Statistical analyses incorporated annual hospitalization weights and hospital clustering to account for NIS sampling design and to yield accurate national population estimates. Baseline demographic and clinical characteristics were compared between patients receiving microsurgical or endovascular intervention and those treated with conservative management using Pearson’s χ2 test for binary categorical parameters or by linear-by-linear association for ordinal variables or those with multiple categories. P values <0.10 generated by these univariable tests were determined to detect an association between a given parameter and aneurysm treatment and were subsequently chosen as candidate covariates for multivariable logistic regression analysis. Effect sizes of parameters for treatment with microsurgical clipping or endovascular embolization were presented as adjusted odds ratios (aOR) with 95% confidence intervals (95% CI). Statistical significance was determined following a Bonferroni correction for multiple comparisons. A variance inflation factor (VIF) (with a threshold of 10) was used to evaluate model multicollinearity and parameter redundancy. Sensitivity testing was performed in the multivariable analysis by evaluating the same model in only Hunt and Hess grade 5 patients. All analyses were performed using IBM SPSS (version 29) statistical software (Armonk, NY).

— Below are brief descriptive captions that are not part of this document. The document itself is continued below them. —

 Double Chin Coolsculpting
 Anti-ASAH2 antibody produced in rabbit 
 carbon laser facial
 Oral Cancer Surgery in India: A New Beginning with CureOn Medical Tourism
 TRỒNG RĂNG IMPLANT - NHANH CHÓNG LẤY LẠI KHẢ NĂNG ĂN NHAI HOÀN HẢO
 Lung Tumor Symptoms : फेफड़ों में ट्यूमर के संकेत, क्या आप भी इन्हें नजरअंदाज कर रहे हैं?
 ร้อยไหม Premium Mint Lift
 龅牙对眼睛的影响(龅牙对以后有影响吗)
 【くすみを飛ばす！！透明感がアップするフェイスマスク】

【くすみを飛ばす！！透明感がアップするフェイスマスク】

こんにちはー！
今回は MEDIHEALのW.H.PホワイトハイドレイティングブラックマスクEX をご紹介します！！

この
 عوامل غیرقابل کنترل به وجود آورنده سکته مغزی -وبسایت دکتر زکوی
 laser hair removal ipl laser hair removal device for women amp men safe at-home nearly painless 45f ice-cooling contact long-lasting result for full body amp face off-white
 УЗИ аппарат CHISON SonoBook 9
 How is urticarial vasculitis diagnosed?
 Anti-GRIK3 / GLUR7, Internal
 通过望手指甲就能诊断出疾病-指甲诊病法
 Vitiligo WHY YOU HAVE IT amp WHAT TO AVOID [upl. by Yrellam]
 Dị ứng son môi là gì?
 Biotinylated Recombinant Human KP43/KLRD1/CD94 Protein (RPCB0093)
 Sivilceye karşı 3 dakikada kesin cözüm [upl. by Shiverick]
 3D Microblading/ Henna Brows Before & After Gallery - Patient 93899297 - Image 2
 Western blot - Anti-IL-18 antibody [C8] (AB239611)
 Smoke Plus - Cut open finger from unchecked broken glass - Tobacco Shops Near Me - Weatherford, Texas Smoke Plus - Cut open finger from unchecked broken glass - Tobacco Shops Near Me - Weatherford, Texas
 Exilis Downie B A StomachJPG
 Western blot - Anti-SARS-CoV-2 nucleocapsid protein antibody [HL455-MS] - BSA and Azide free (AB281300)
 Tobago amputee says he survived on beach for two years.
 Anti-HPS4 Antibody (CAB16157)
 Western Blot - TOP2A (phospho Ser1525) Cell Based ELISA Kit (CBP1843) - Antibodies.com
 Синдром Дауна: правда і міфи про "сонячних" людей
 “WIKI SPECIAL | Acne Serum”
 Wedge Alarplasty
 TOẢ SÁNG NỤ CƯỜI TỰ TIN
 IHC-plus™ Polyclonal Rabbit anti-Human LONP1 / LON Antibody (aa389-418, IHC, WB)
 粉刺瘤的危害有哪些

ResultsAmong 99 460 aSAH hospitalizations identified, 36 795 (37.0%) were HGSAH and included in the primary analysis; 9210 (25.0%) of HGSAH hospitalizations were associated with treatment with microsurgical clipping or endovascular embolization (figure 1). Baseline demographic, socioeconomic, and clinical characteristics which varied significantly between treated and conservatively managed aSAH included age, female sex, APR-DRG mortality risk subclass, CCI score, aneurysm location, primary payer status, hospital location and teaching status, hospital bed size, census division, and hospital ownership/control (table 1). Race/ethnicity, patient location, and median household income did not differ significantly between treated and conservatively managed aSAH, nor did these parameters meet a modest association threshold (P<0.10) for inclusion in multivariable analysis.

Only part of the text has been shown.